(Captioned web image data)
========================================================================

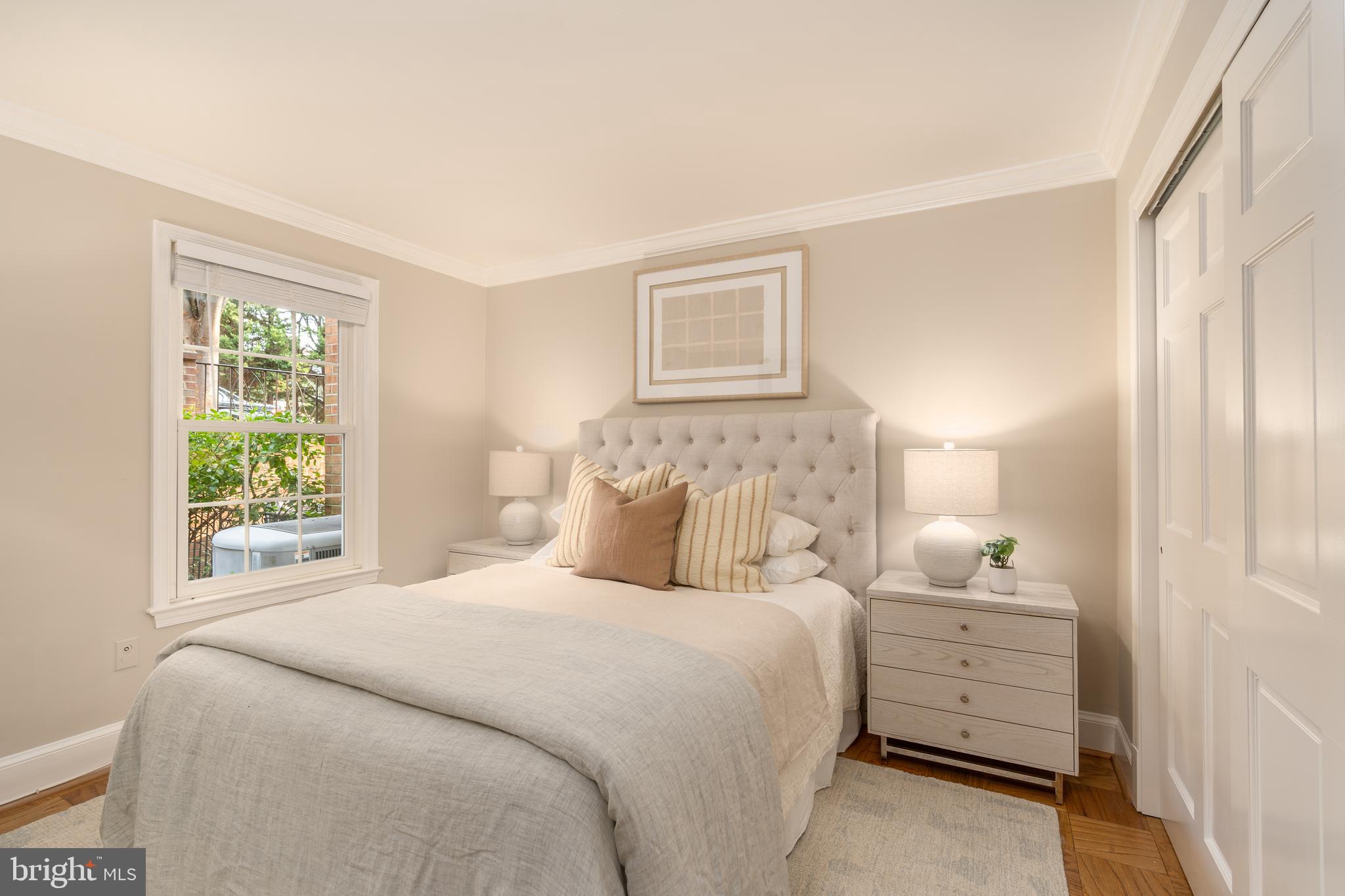 3299 Sutton Place Northwest, Unit C Washington, DC 20016 - Photo 27 of 40 a bedroom with a bed and a window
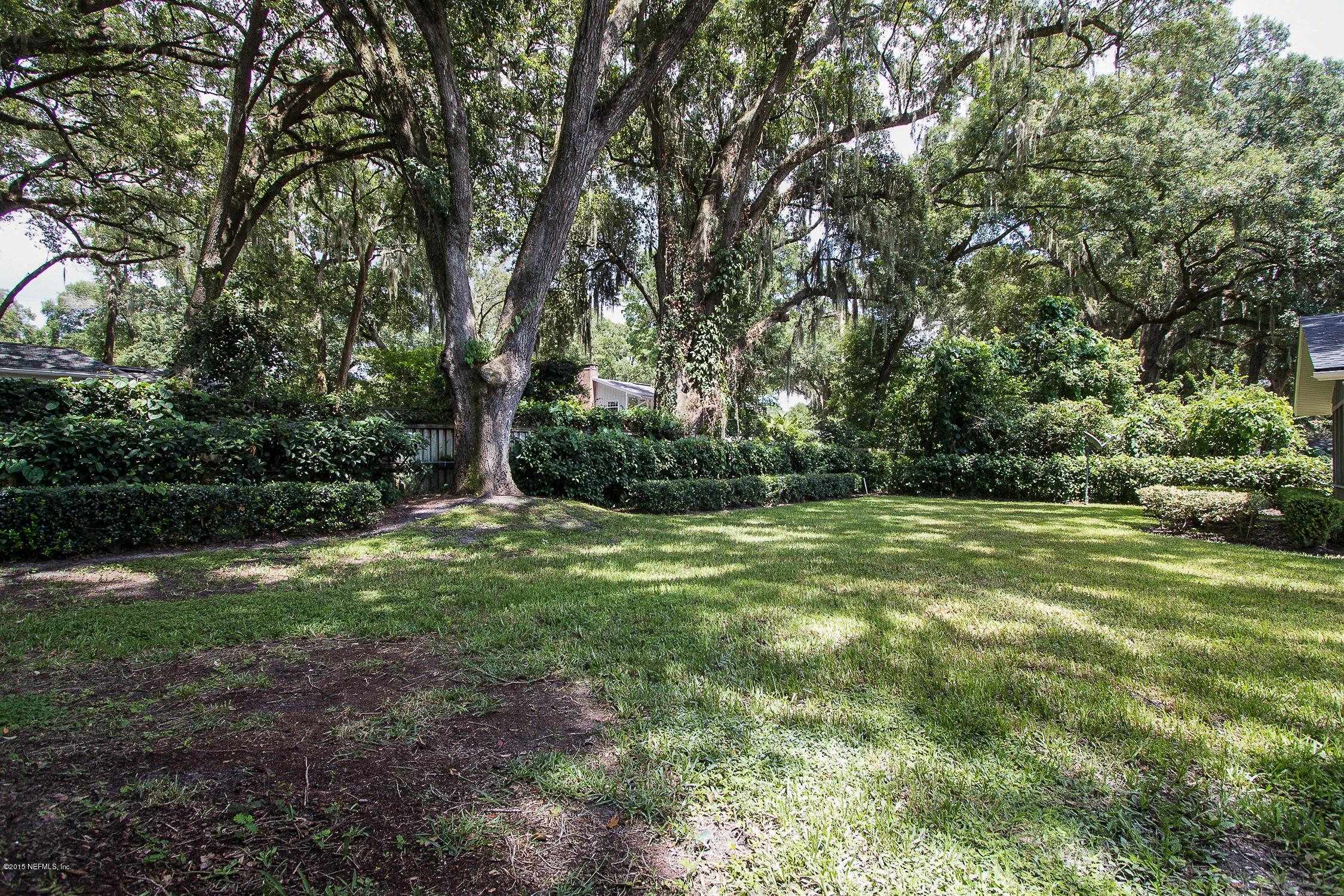 9435 Ponder Road Jacksonville, FL 32257 - Photo 29 of 33 a view of a field with trees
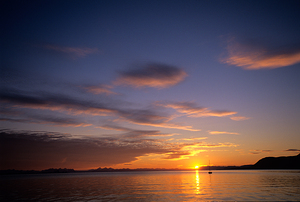 Midnight sun sets over water in Longyearbyen Norway by Marco Brivio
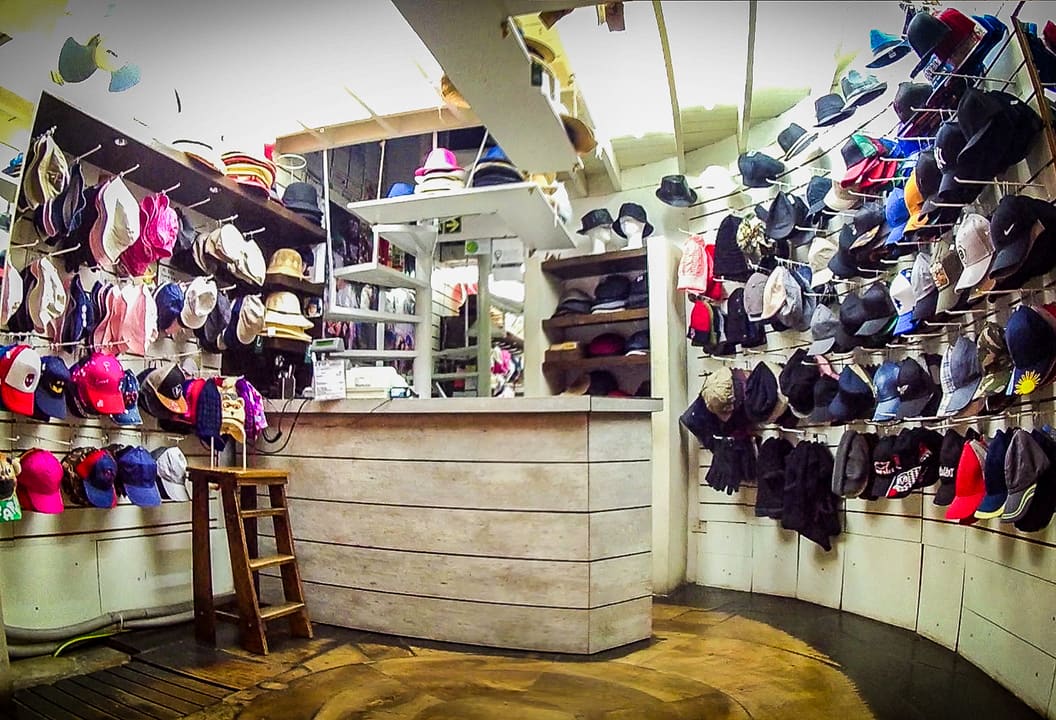 Salón con el mostrador y la pared de gorras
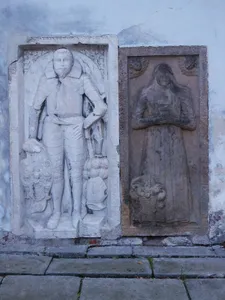 Tombstones on the wall of St. Wenceslas church in Rudník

========================================================================

Print all the records exactly, minus any images.

 3299 Sutton Place Northwest, Unit C Washington, DC 20016 - Photo 27 of 40 a bedroom with a bed and a window
 9435 Ponder Road Jacksonville, FL 32257 - Photo 29 of 33 a view of a field with trees
 Midnight sun sets over water in Longyearbyen Norway by Marco Brivio
 Salón con el mostrador y la pared de gorras
 Tombstones on the wall of St. Wenceslas church in Rudník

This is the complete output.